This issue tracker has been migrated to GitHub, and is currently read-only.
For more information, see the GitHub FAQs in the Python's Developer Guide.

classification
Title: Optimize wrapper descriptors using FASTCALL
Type: performance Stage: resolved
Components: Interpreter Core Versions: Python 3.7
process
Status: closed Resolution: rejected
Dependencies: Superseder:
Assigned To: Nosy List: methane, pitrou, rhettinger, serhiy.storchaka, vstinner
Priority: normal Keywords: patch

Created on 2017-09-21 13:25 by vstinner, last changed 2022-04-11 14:58 by admin.
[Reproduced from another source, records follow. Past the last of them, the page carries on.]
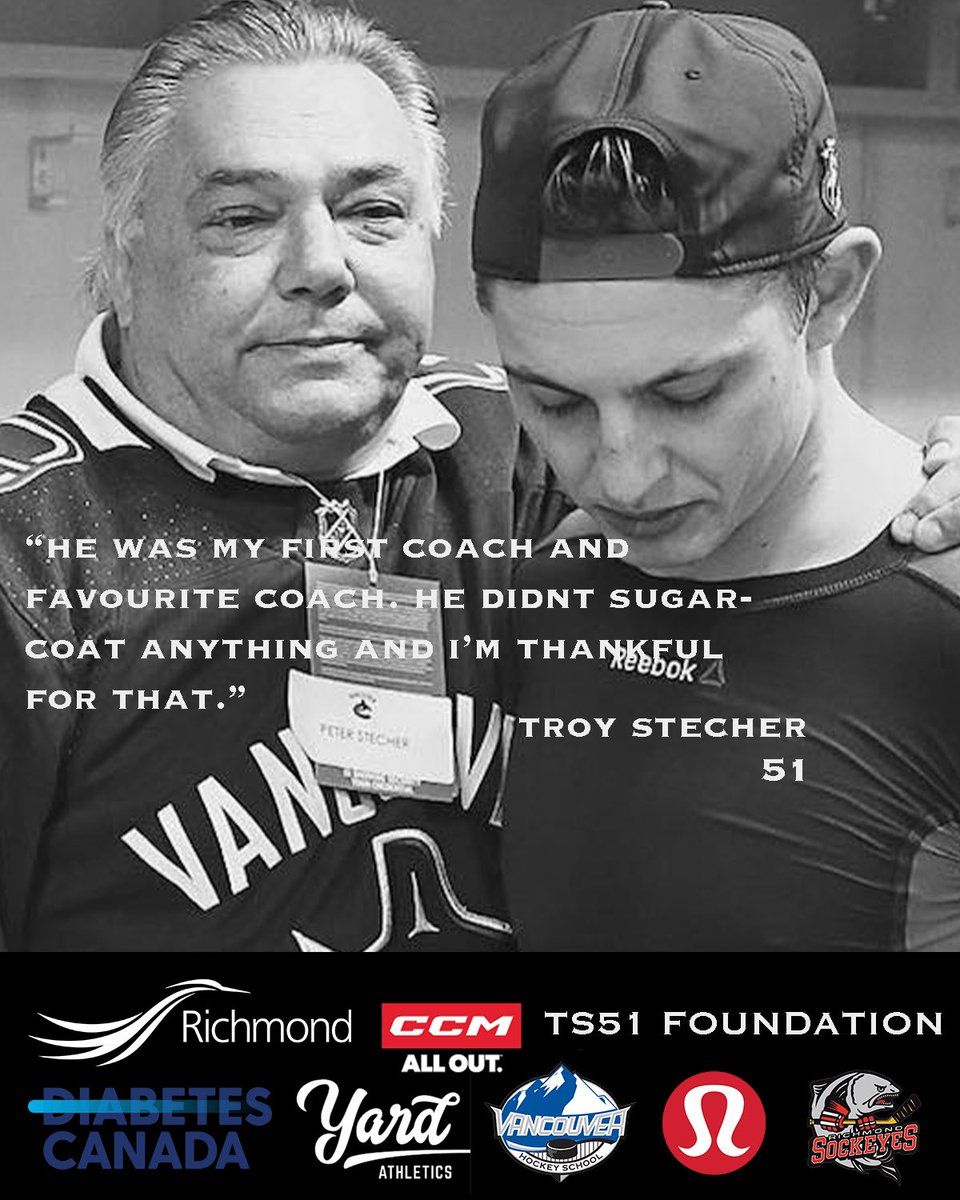 VHS Pro Camp is pleased to partner w/ the TS51 Foundation in support of Diabetes Canada. Funds raised will help lead the fight against diabetes while working towards finding a cure for the millions of Canadians affected by the disease. Diabetes Canada donation link in bio.
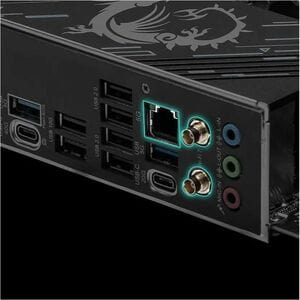 MSI X870 GAMING PLUS WIFI Gaming Desktop Motherboard - AMD X870 Chipset - Socket AM5 - ATX - Ryzen 9, Ryzen 7 Processor Su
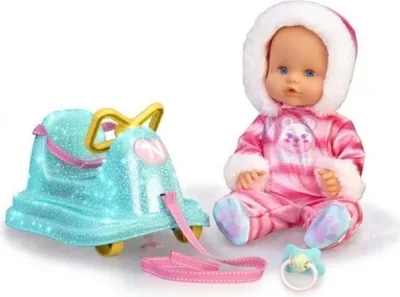 Produktbild von Famosa NFN59000, Babypuppe, Männlich, 3 Jahr(e), 350 mm, Mehrfarbig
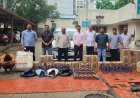 गोवा बनावटीच्या दारूचा मोठा भांडाफोड! सिल्लोड उत्पादन शुल्क विभागाची धडक कारवाई; ११.८१ लाखांचा मुद्देमाल जप्त, एक फरार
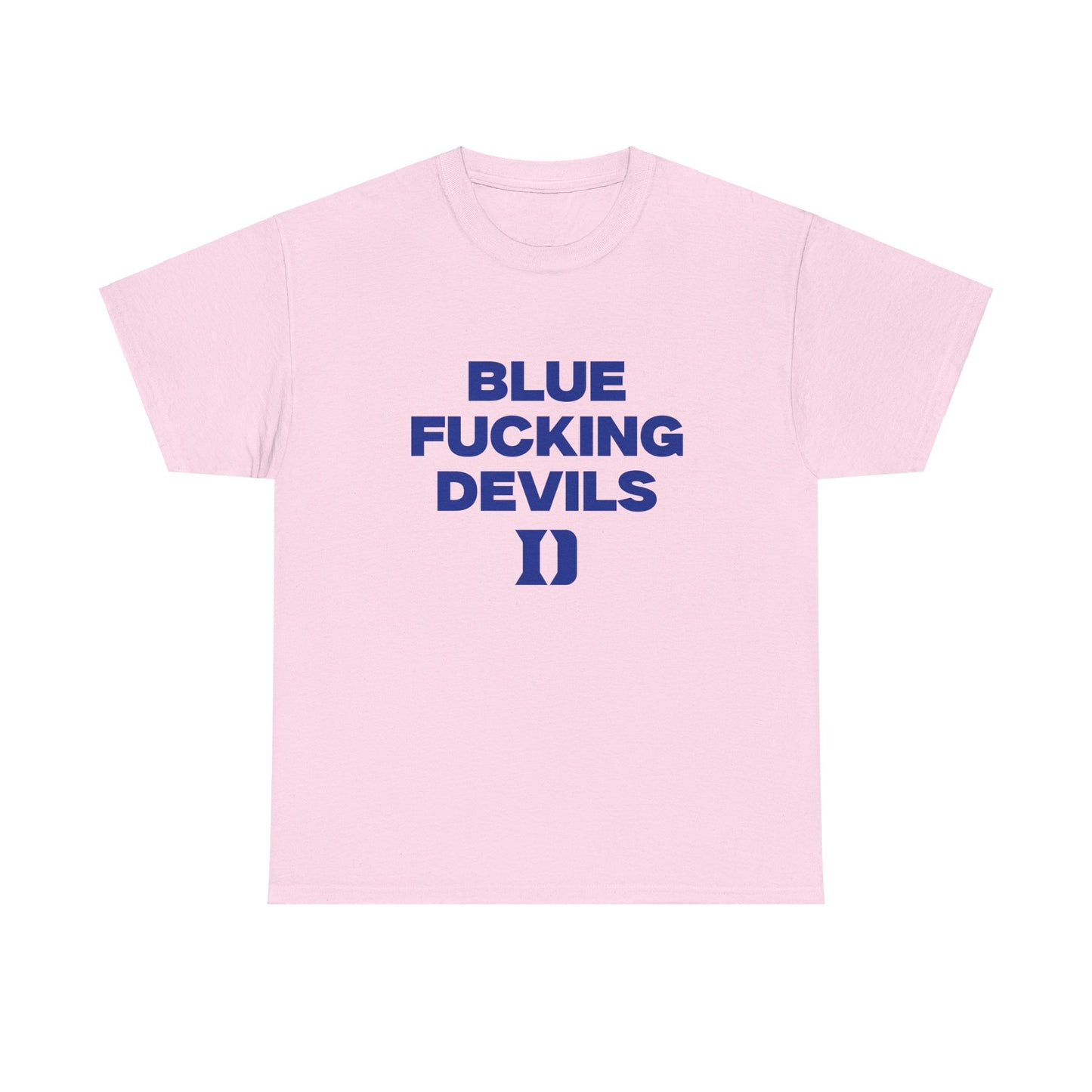 Blue F***** Devils Shirt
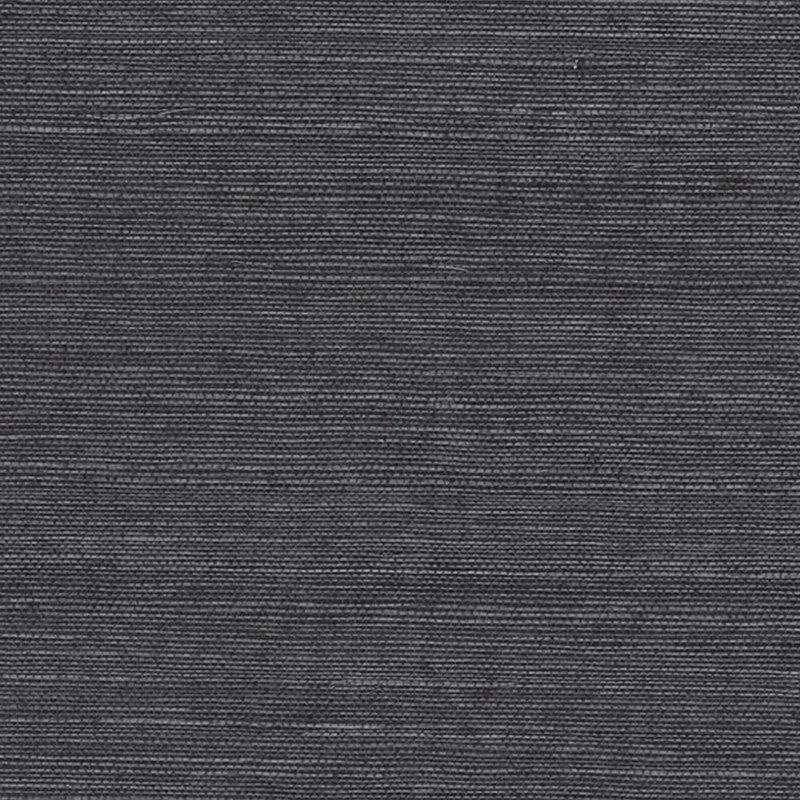 Grasscloth Exotic Grass Wallpaper in Indigo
This issue is now closed.

Pull Requests
URL Status Linked Edit
PR 3685 closed vstinner, 2017-09-21 13:27
Messages (8)
msg302692 - (view) Author: STINNER Victor (vstinner) * (Python committer) Date: 2017-09-21 13:25
Attached pull request adds a fastpath for wrapper descriptors to use the FASTCALL calling convention. It's a follow up of bpo-31410 and all my work on FASTCALL during Python 3.6 and 3.7 development cycles.

Microbenchmark:

./python -m perf timeit -s 'import array; obj=array.array("b"); wrap=array.array.__len__' 'wrap(obj)'

Result:

haypo@selma$ ./python -m perf compare_to ref.json patch.json 
Mean +- std dev: [ref] 59.2 ns +- 0.6 ns -> [patch] 28.2 ns +- 0.9 ns: 2.10x faster (-52%)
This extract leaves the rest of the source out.